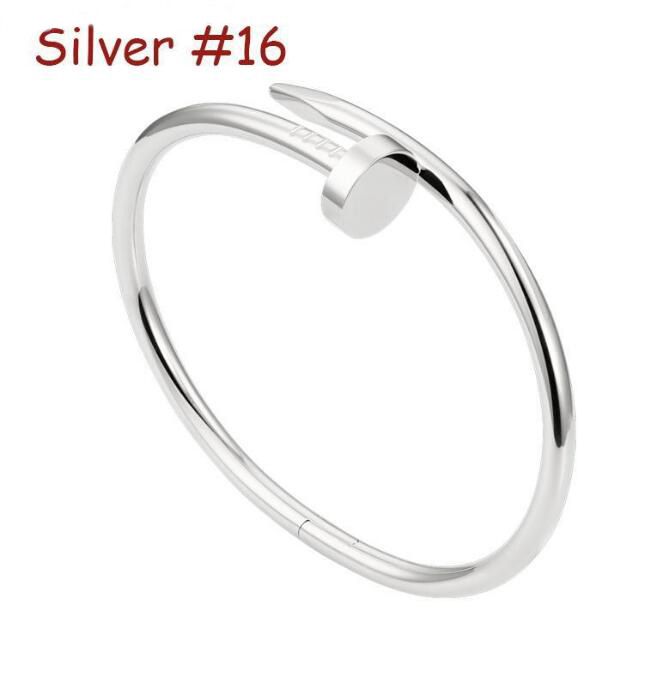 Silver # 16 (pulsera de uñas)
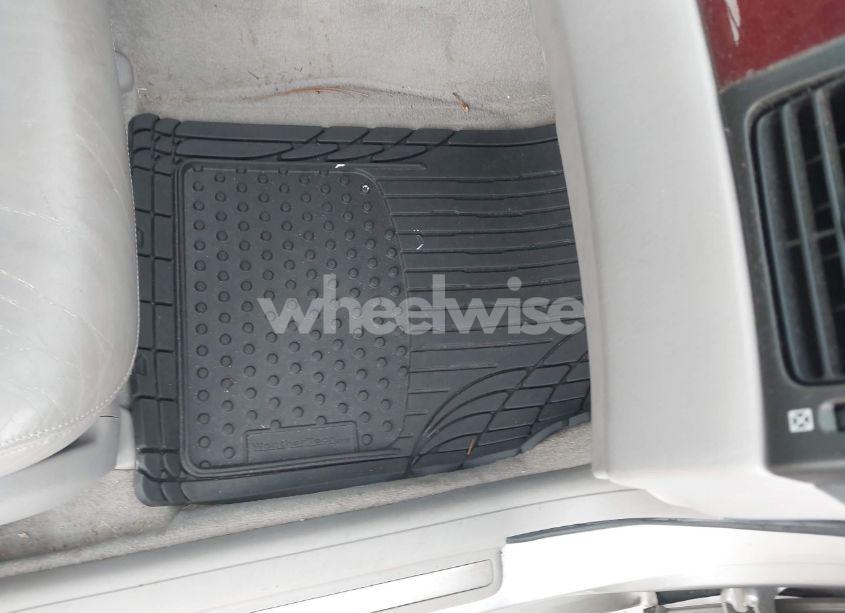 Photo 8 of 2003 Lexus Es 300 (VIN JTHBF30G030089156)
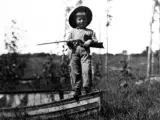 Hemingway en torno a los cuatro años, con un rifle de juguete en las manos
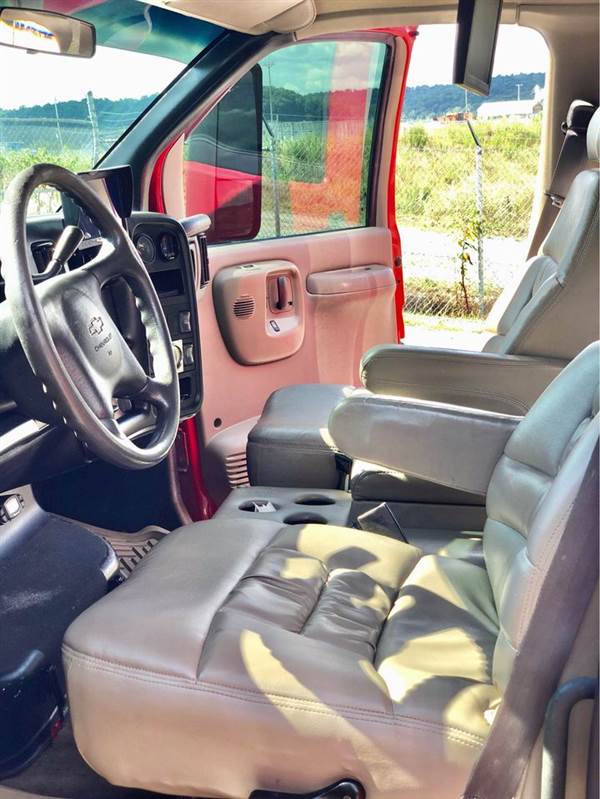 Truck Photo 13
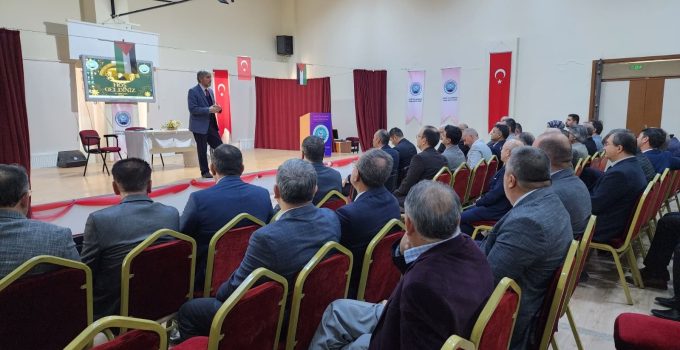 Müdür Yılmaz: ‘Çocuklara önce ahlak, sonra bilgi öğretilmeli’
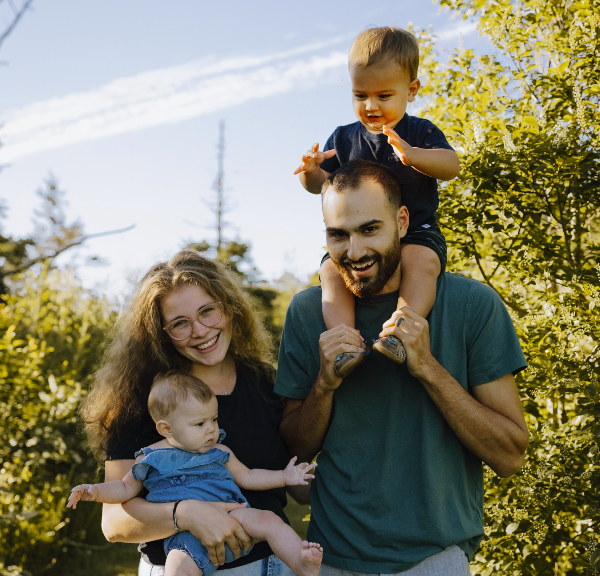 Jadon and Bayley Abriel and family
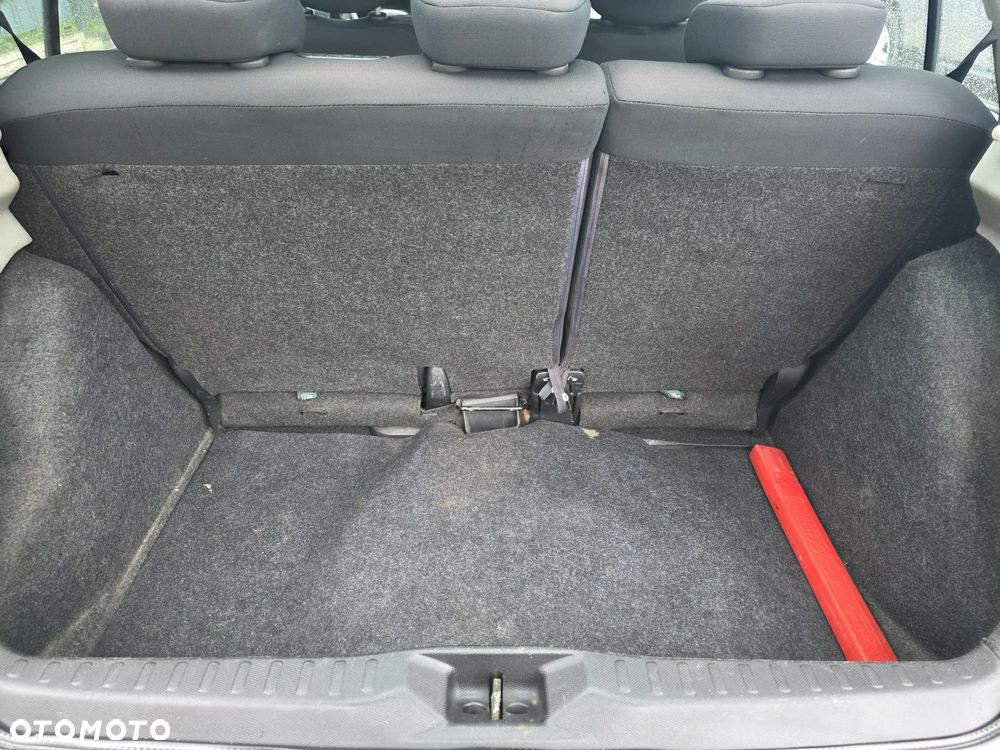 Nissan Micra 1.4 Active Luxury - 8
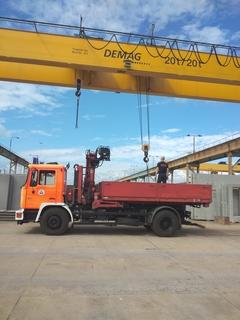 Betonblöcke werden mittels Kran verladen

==

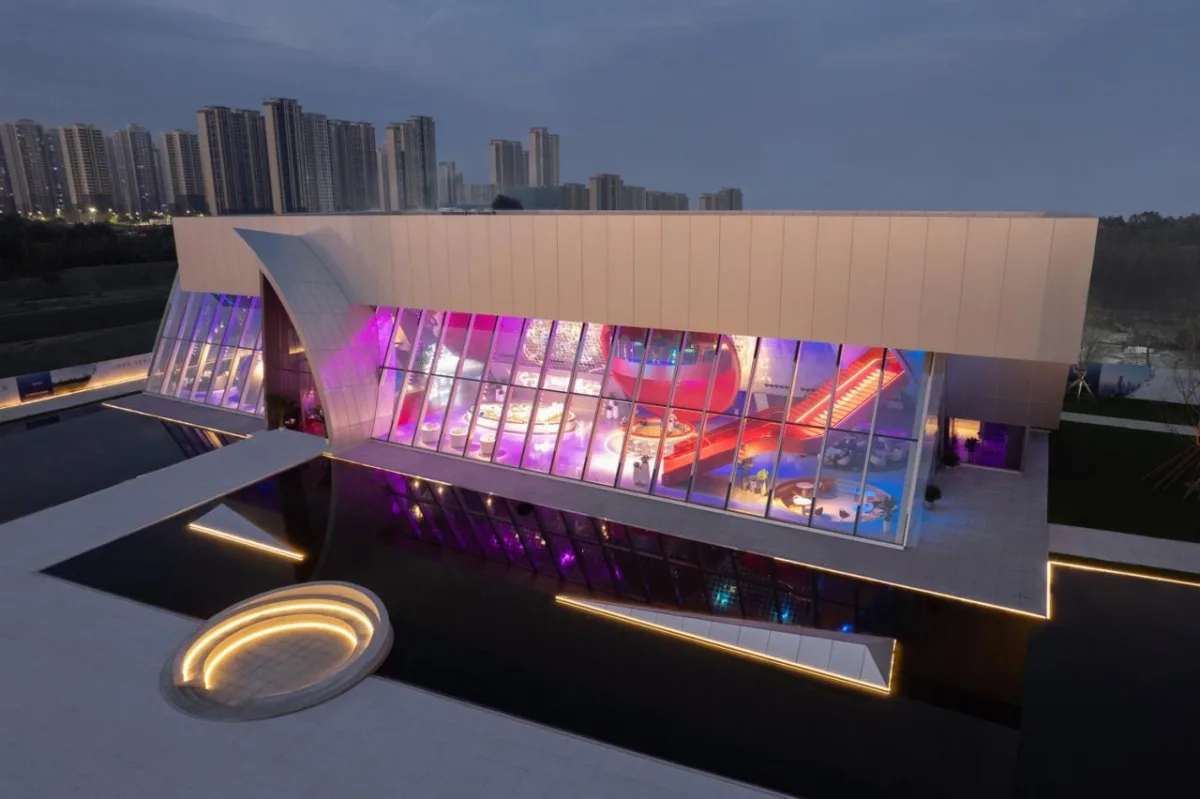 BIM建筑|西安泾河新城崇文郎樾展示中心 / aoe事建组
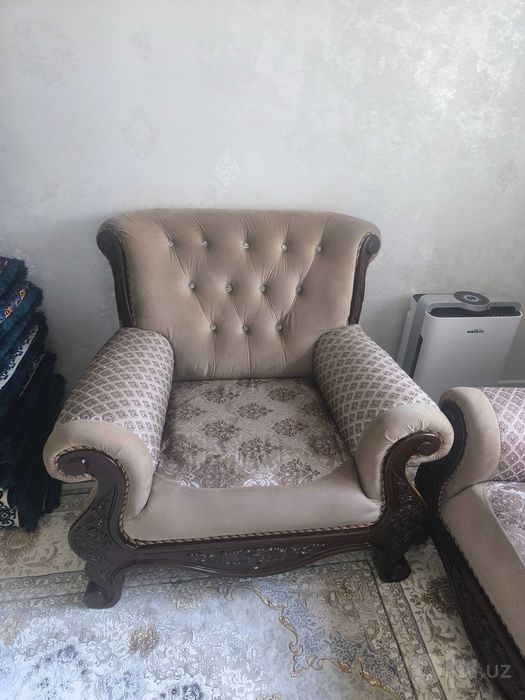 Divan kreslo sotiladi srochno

To do.
Using the material above, reproduce only the lines that run from the line with "Silver # 16 (pulsera de uñas)" up to and including the line with "Nissan Micra 1.4 Active Luxury - 8", exactly, with the pictures dropped.

Expected answer.
 Silver # 16 (pulsera de uñas)
 Photo 8 of 2003 Lexus Es 300 (VIN JTHBF30G030089156)
 Hemingway en torno a los cuatro años, con un rifle de juguete en las manos
 Truck Photo 13
 Müdür Yılmaz: ‘Çocuklara önce ahlak, sonra bilgi öğretilmeli’
 Jadon and Bayley Abriel and family
 Nissan Micra 1.4 Active Luxury - 8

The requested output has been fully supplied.